## Task requirements
In your reply, repeat the full listing exactly and leave each picture out.

## Dataset extract
*-*-*
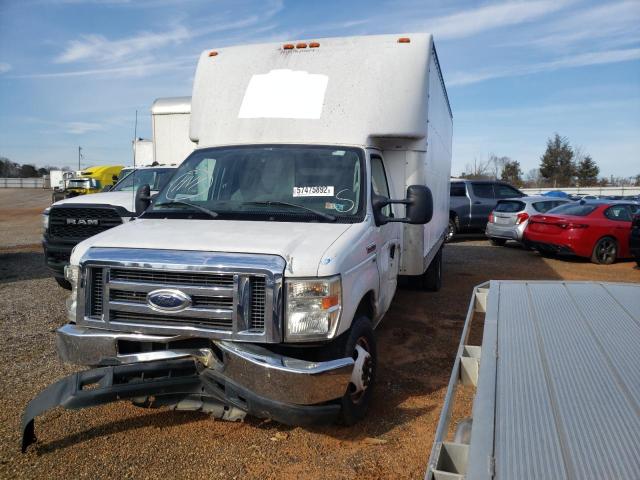 1FDWE3FL6BDB14607 - 2011 FORD ECONOLINE E350 SUPER DUTY CUTAWAY VAN WHITE photo 2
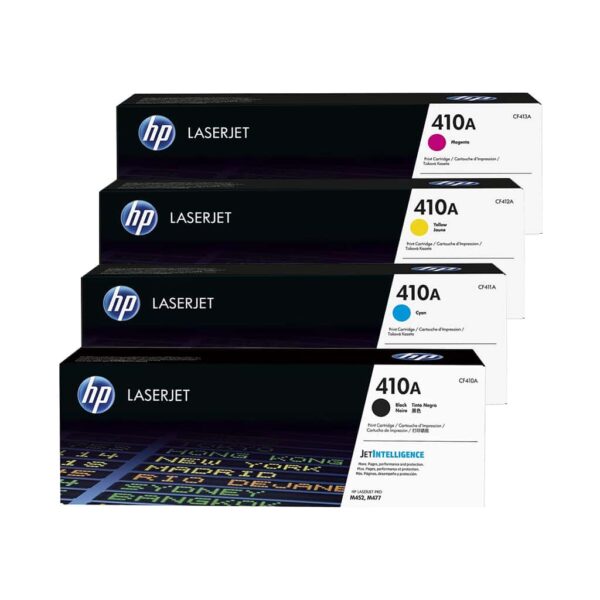 سری کارتریج رنگی وارداتی HP 410A (گارانتی دار و قابل شارژ مجدد)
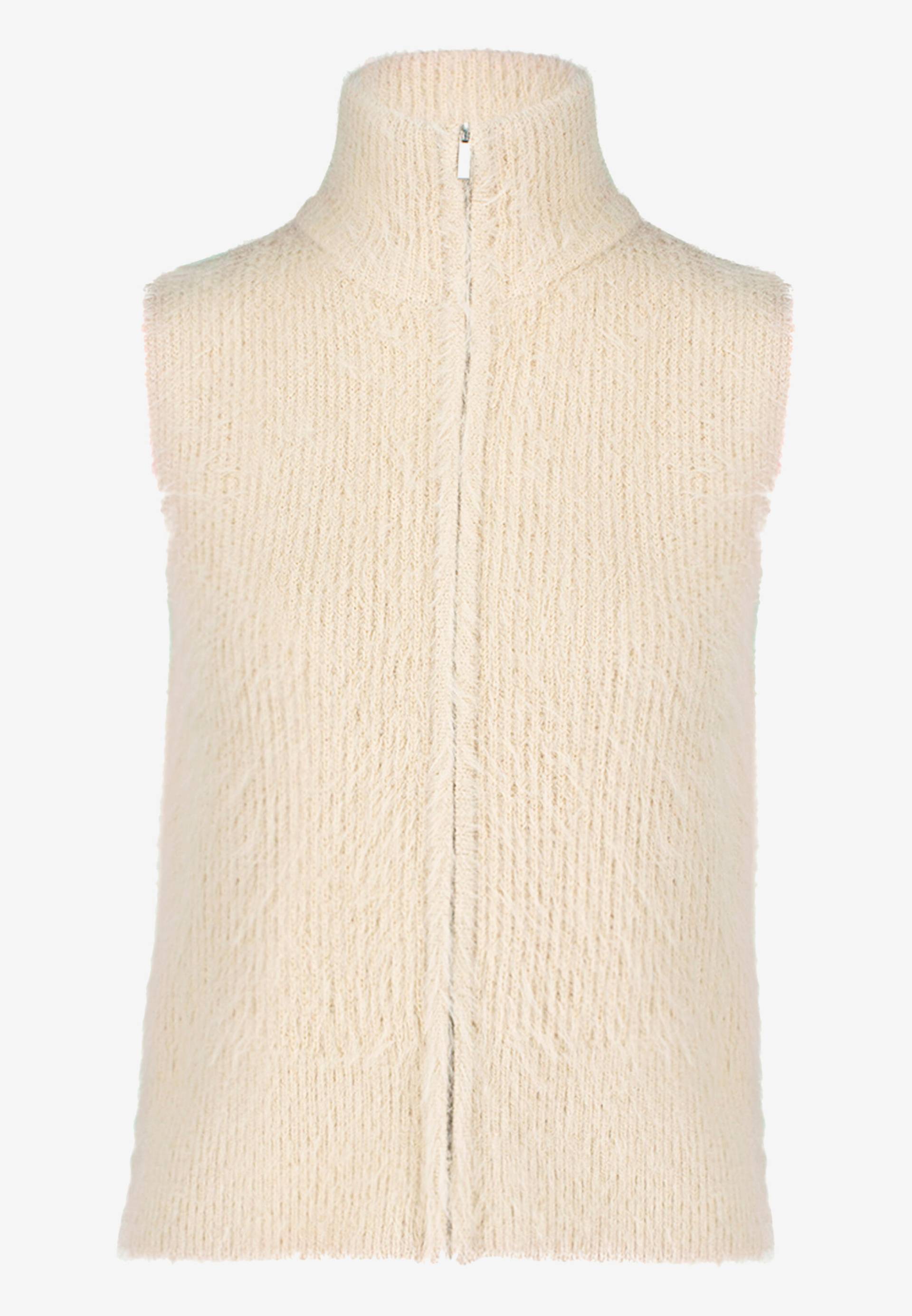 zero - Strickweste mit Reißverschluss - Gr. - 42 von zero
*-*-*
## Answer to this problem
 1FDWE3FL6BDB14607 - 2011 FORD ECONOLINE E350 SUPER DUTY CUTAWAY VAN WHITE photo 2
 سری کارتریج رنگی وارداتی HP 410A (گارانتی دار و قابل شارژ مجدد)
 zero - Strickweste mit Reißverschluss - Gr. - 42 von zero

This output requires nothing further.